## Scheduled vs, RT total trip time

In [1]:
import _rt_scheduled_utils as rt_scheduled_utils
import _threshold_utils as threshold_utils
import altair as alt

import pandas as pd
from segment_speed_utils.project_vars import RT_SCHED_GCS, SEGMENT_GCS, analysis_date
from shared_utils import calitp_color_palette as cp



In [2]:
pd.options.display.max_columns = 100
pd.options.display.float_format = "{:.2f}".format
pd.set_option("display.max_rows", None)
pd.set_option("display.max_colwidth", None)

### Deliverable 1 -Dataframe

In [4]:
# Final df - saved to GCS as well
final = rt_scheduled_utils.final_df(rt_scheduled_utils.find_metrics(analysis_date), analysis_date)

In [5]:
final.shape

(98105, 21)

In [6]:
# No more negative trips
len(final.loc[final['Actual Trip Duration Minutes'] < 0])

0

### Deliverable 2 - Charts 

In [7]:
rt_scheduled_utils.operator_level_visuals(final)

In [8]:
rt_scheduled_utils.create_statewide_visuals(final)

#### Other Charts

In [20]:
alt.data_transformers.enable('default', max_rows=None)
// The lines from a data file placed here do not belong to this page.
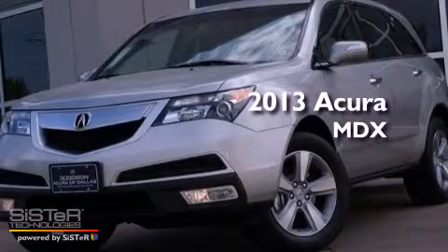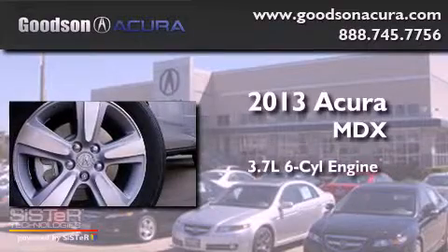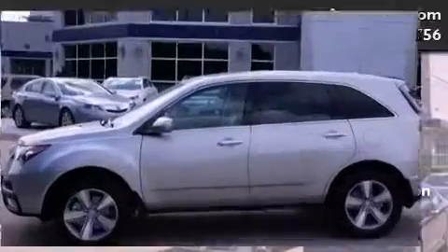This is a brand new 2013 Acura MDX. It features a 3.7-liter six-cylinder engine, an automatic transmission, and all-wheel drive.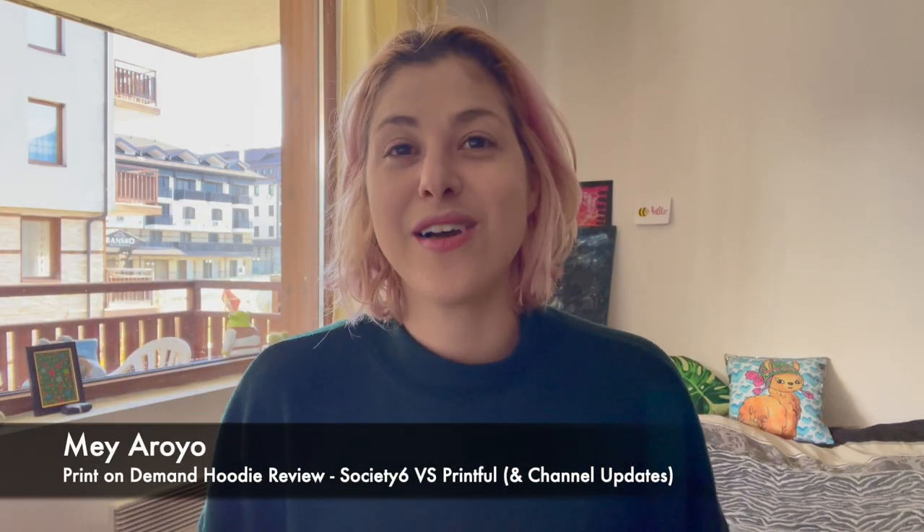Hi everyone, welcome back to my channel. My name is Meroy and I teach creative people how to sell their art online. The past two weeks I haven't really been here and there is a lot that I want to tell you guys, and I will cover that in this video.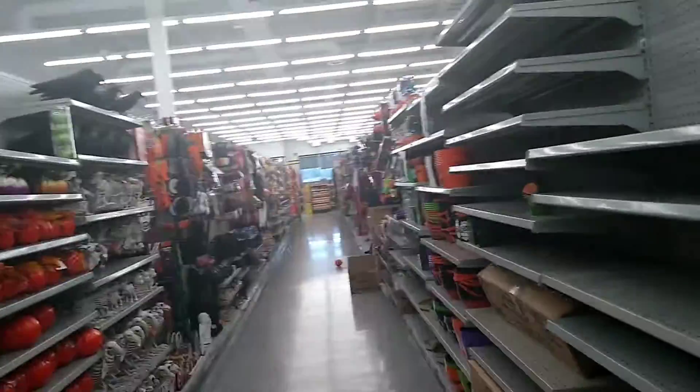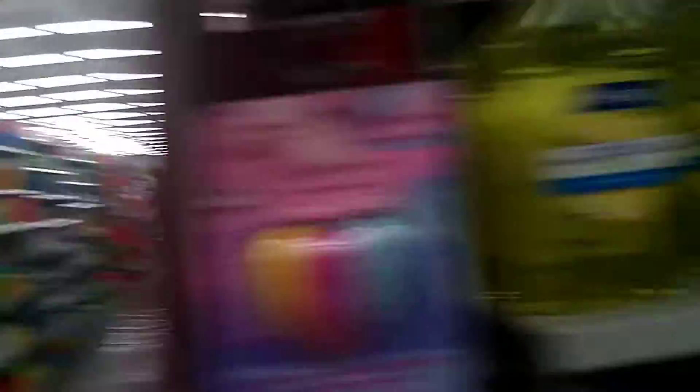They sell a bunch of decorations as well. There's dog treats, hand soaps, shampoos, conditioners, and even a lot of baby essentials at really cheap prices.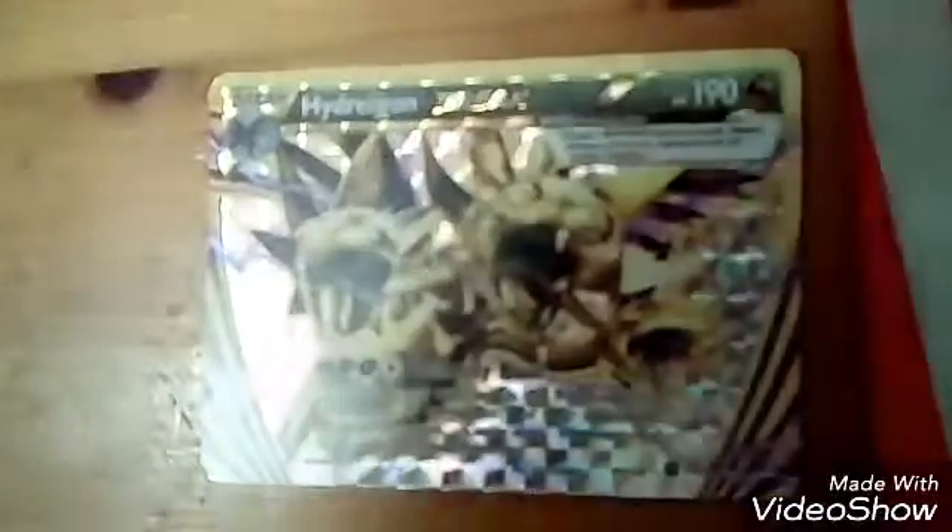This is Hydreigon Break. Sorry there — Hydreigon Break, or Dragon, or whatever, is a break of mine. It was made in 2016 and it's from the Steam Siege collection, I think. This is my Zoroak Break. It's sort of in bad condition, but I like it. It was made in 2015 and it was from the Breakthrough series. The Breakthrough series is quite old now since it's 2017.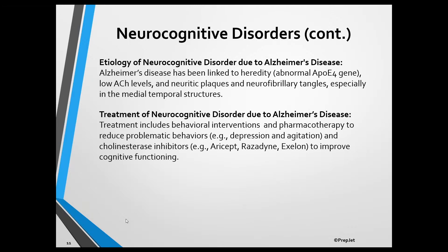Neurocognitive disorder due to Alzheimer's disease has been linked to heredity and abnormal levels of several neurotransmitters, with acetylcholine being most affected and a deficiency of acetylcholine being associated with memory impairment. It's also been linked to the development of neuritic plaques and neurofibrillary tangles in the medial temporal structures of the brain, which include the entorhinal cortex, hippocampus, and amygdala.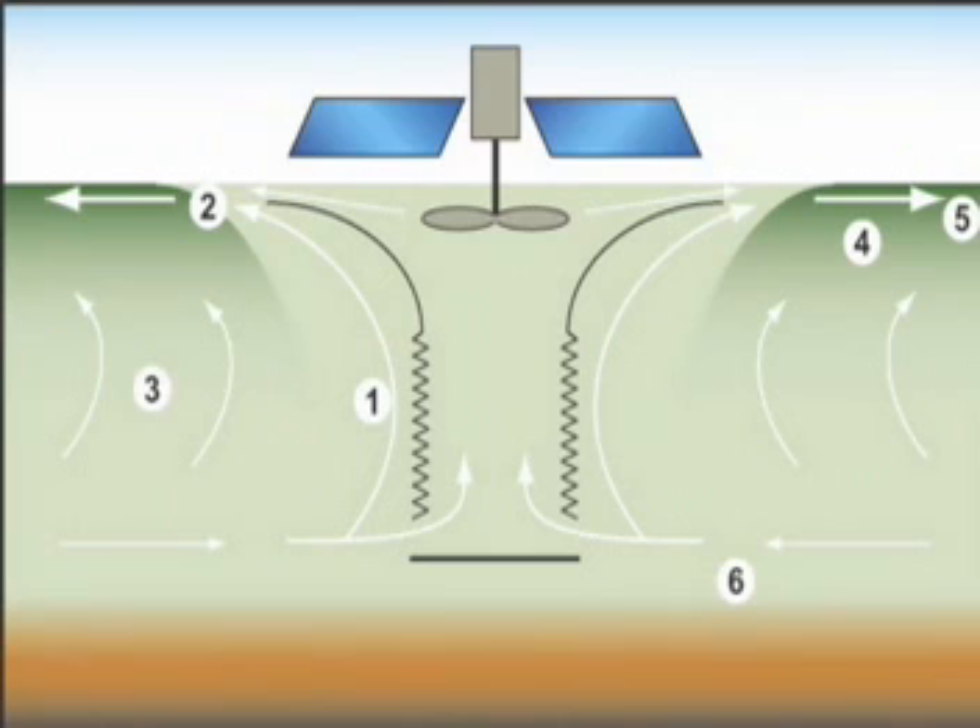The Solar Bee is a solar-powered circulation device. It basically takes water up off the bottom of the lake, brings it up, and circulates it out across the top of the water. It naturally then goes back down, flows horizontally into the intake, and completes that loop.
DataTransformerRegistry.enable('default')

In [21]:
exclude_none = final.loc[final['Gtfs Dataset Name'] != 'None'].reset_index(drop = True)

In [22]:
exclude_none["Ping Category"] = exclude_none.apply(pings, axis=1)

In [23]:
rule = alt.Chart(exclude_none[['Trip Category', 'Rt Data Proportion Percentage']]).mark_rule(color='red', strokeDash=[10, 7]).encode(
    y='mean(Rt Data Proportion Percentage):Q'
)

In [24]:
bar = alt.Chart(exclude_none[['Trip Category', 'Rt Data Proportion Percentage']]).mark_bar().encode(
     x=alt.X('Trip Category:O', axis=alt.Axis(labelAngle = -45)),
    y='mean(Rt Data Proportion Percentage):Q',
    color=alt.Color('Trip Category:O', scale=alt.Scale(range =cp.CALITP_CATEGORY_BRIGHT_COLORS)),
).properties(title = "Average % of Realtime vs. Scheduled Data")

In [25]:
threshold_utils.chart_size((bar+rule), 500,400)

In [26]:
agg2 = (exclude_none
        .groupby(['Ping Category', 'Rt Category'])
        .agg({'Trip Id':'count'})
        .reset_index()
        .rename(columns = {'Trip Id':'Total Trips'})
       )

In [27]:
threshold_utils.chart_size(alt.Chart(agg2).mark_rect().encode(
    x=alt.X('Ping Category:O', axis=alt.Axis(labelAngle = -45)),
    y='Rt Category:O',
    color=alt.Color('Total Trips:Q', scale=alt.Scale(range =cp.CALITP_SEQUENTIAL_COLORS)),
    tooltip = agg2.columns.tolist()).properties(title = "Total Trips by RT vs. Scheduled % and Pings per Minute"),500,400)

In [33]:
agg3 = (exclude_none
        .groupby(['Ping Category', 'Trip Category'])
        .agg({'Rt Data Proportion Percentage':'mean'})
        .rename(columns = {'Rt Data Proportion Percentage':'Average Rt Data Proportion Percentage'})
        .reset_index()
       )

In [38]:
threshold_utils.chart_size(alt.Chart(agg3).mark_rect().encode(
    x=alt.X('Ping Category:O', axis=alt.Axis(labelAngle = -45)),
    y='Trip Category:O',
    color=alt.Color('Average Rt Data Proportion Percentage:Q', scale=alt.Scale(range =cp.CALITP_SEQUENTIAL_COLORS)),
    tooltip = agg3.columns.tolist())
    .properties(title = "Relationship between Trip Duration, Pings per Minute, and Average RT vs. Scheduled %"),500,400)